¿Qué puede aprender el software de otros sectores?

De cada libro puede aprenderse algo, aunque sea una palabra nueva.

Leo sobre estrategias, metodologías, empresas y líderes de empresas tecnológicas. Amo el software y me gusta leer de la materia. Existen libros de sectores que no tienen nada que ver con el software y que siento que se pueden aplicar perfectamente a nuestro mundo.

Este es el caso del imprescindible Principles de Ray Dalio, fundador de Bridgewater, uno de los mayores fondos de inversión que existe, que creó en 1975. Lo importante de esta empresa no es ¿qué hace?, sino ¿cómo lo hace?
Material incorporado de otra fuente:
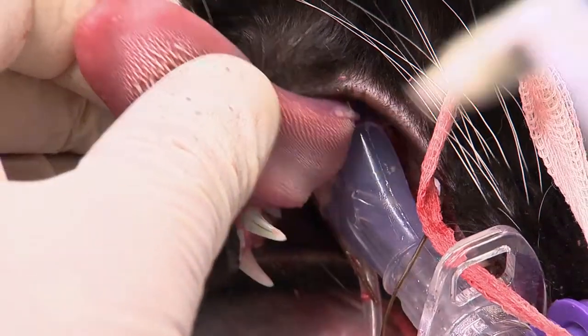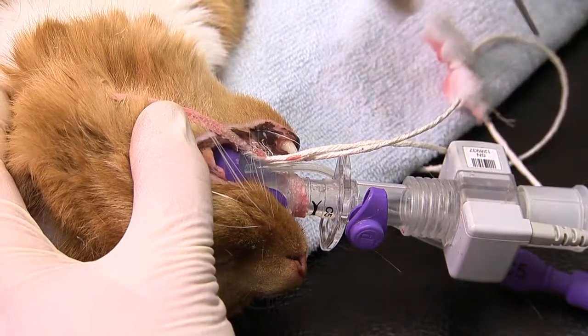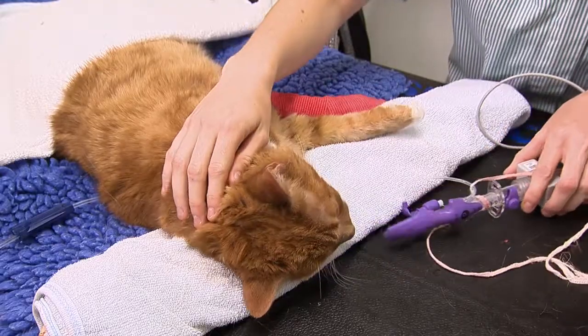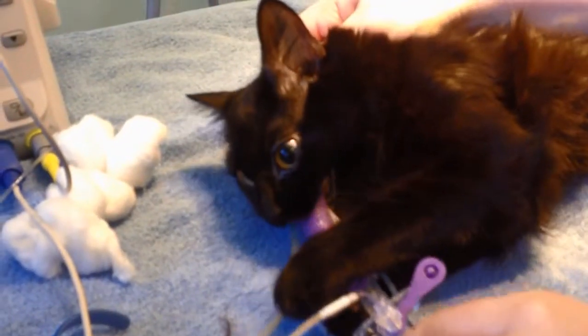Once the procedure is complete, ensure that the throat packs are removed and suction and clean the mouth before removing the V-gel. You can then clean and autoclave your V-gel to make it perfectly hygienic for your next patient.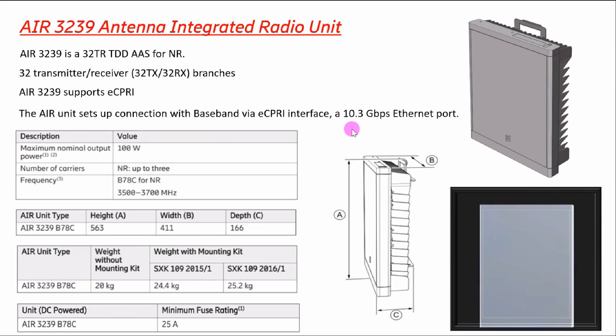The AIR unit connects to the baseband by the eCPRI interface and a 10.3 Gbps Ethernet port. The maximum nominal output power is 100 watts. The number of carriers is up to three. It supports frequency bands 3500, 3600, and 3700 MHz.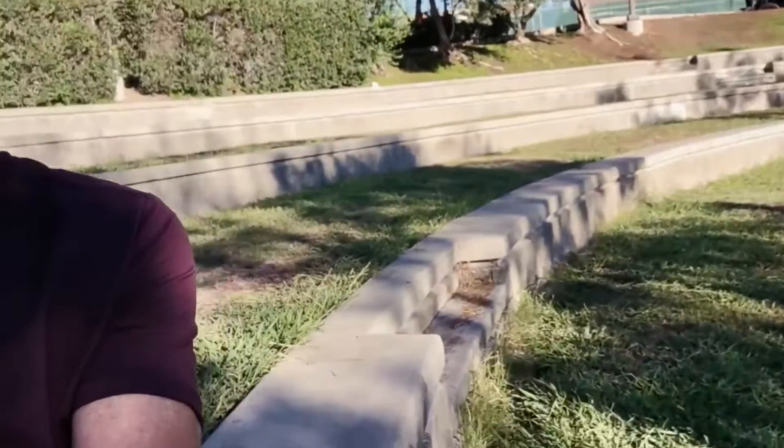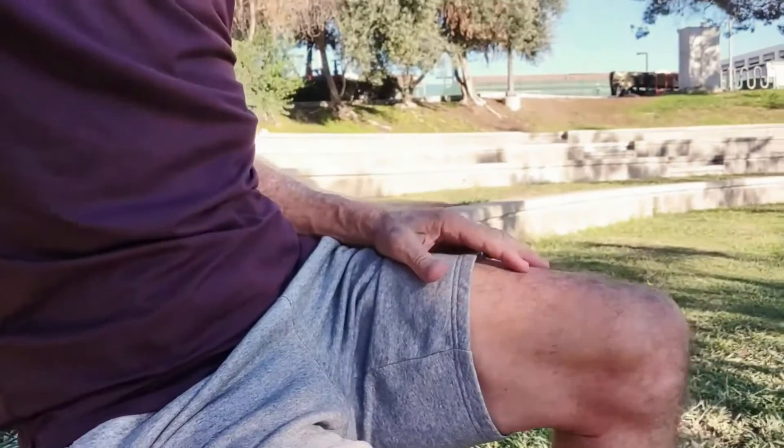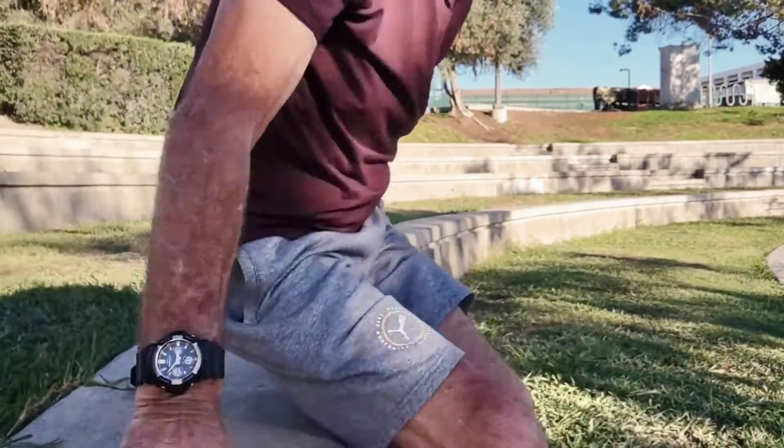If you've got a chair next to you at home, grab a chair. Here at the park I have these walls and seats that I'll be using to do the squats on, to show you how to do it with a chair. Let me get the camera set up.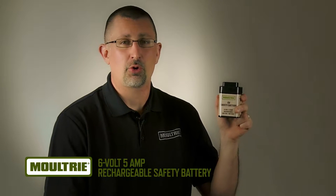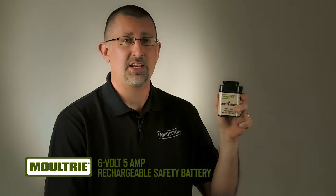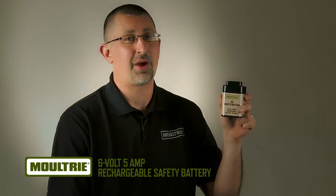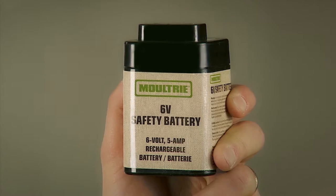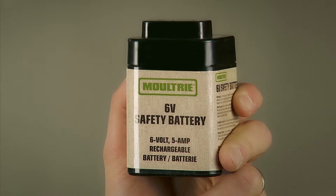If your Moultrie feeder is powered by batteries, there's no better way to keep it running all year long than by having some extra rechargeable batteries on hand. This sealed lead-acid battery has a safety top to prevent short-circuiting by limiting the open spring and terminal posts. The Moultrie 6-volt rechargeable battery.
Me fascina su orientación al largo plazo y su liderazgo por valores.

De la lectura del libro Principles de Ray Dalio me llamó la atención la memo que escribió para Bridgewater en 1996, y que he traducido a mi manera.

La memo de Ray Dalio (1996)

No se trata de avanzar lentamente hacia un estándar moderado, se trata de trabajar como el demonio para alcanzar un estándar extraordinariamente alto y luego obtener la satisfacción que conlleva este tipo de logro.

Nuestro objetivo principal es la excelencia, más precisamente, la mejora continua: una empresa excelente que mejora constantemente en todos los aspectos.

Los conflictos en la búsqueda de la excelencia son algo terrible. No debería existir jerarquía basada en la edad o la antigüedad. El poder debe estar en el razonamiento, no en la posición del individuo. Las mejores ideas deben ganar, no importa de quién vengan.

La crítica (a uno mismo y a otros) es un ingrediente esencial en el proceso de mejora, aunque, si se maneja de manera incorrecta, puede ser destructiva. La crítica debe ser manejada objetivamente. No debería existir jerarquía para dar y recibir críticas.

El equipo, el trabajo en equipo y la intolerancia al bajo rendimiento son esenciales. Esto se refiere a:

  1. El conocimiento de las responsabilidades individuales que tiene cada uno para ayudar al equipo en los objetivos comunes.
  2. Voluntad para ayudar a los demás a alcanzar esos objetivos comunes; nuestros destinos están entrelazados.
  3. Debemos confiar los unos en los otros.
  4. Un rendimiento por debajo del estándar no puede ser tolerado en ninguna parte, porque nos dañaría a todos.

Las relaciones a largo plazo son gratificantes, eficientes y deberían ser construidas intencionadamente. La rotación de personal es un retroceso.

El dinero es un subproducto de la excelencia y no un objetivo. Nuestro objetivo primordial es la excelencia y la mejora continua, no hacer mucho dinero. Esto no quiere decir que deberías ser feliz con poco dinero, todo lo contrario: debes esperar ganar mucho dinero de tu trabajo excelente. Si trabajamos con esta filosofía, seremos productivos y estaremos bien financieramente.